● What needs to be done: Reproduce only this stretch of the listing below: from the line with "14k/10K Diamond Heart" through the line with "Allegra K - Puff", exactly as written, with pictures excluded.

● Source material:
'''
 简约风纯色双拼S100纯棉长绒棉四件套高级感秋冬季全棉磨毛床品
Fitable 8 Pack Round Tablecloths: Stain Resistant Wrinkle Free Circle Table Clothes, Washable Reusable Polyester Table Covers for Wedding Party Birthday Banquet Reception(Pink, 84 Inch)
'''
'''
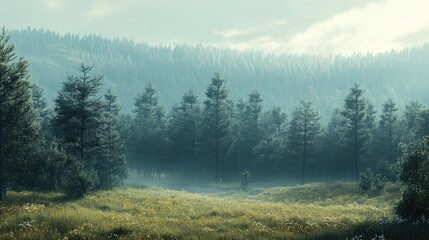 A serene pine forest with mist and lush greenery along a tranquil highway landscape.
'''
'''
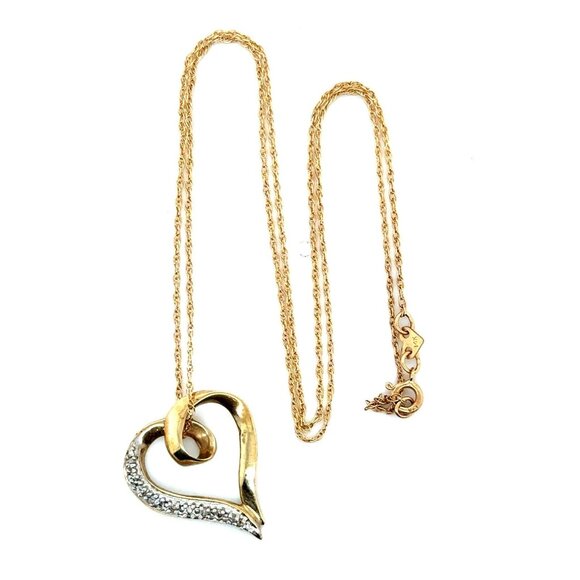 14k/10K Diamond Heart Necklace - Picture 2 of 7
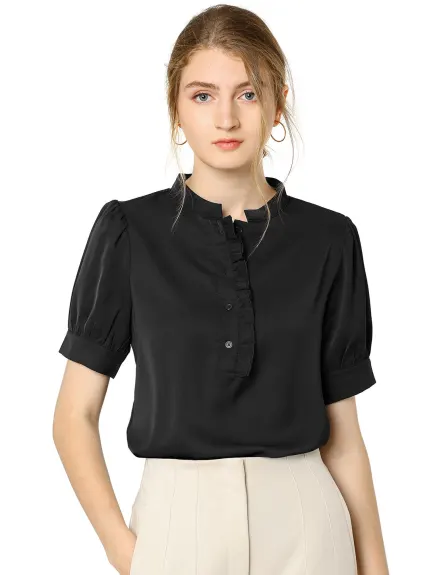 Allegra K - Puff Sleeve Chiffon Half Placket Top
'''
● Written response:
 14k/10K Diamond Heart Necklace - Picture 2 of 7
 Allegra K - Puff Sleeve Chiffon Half Placket Top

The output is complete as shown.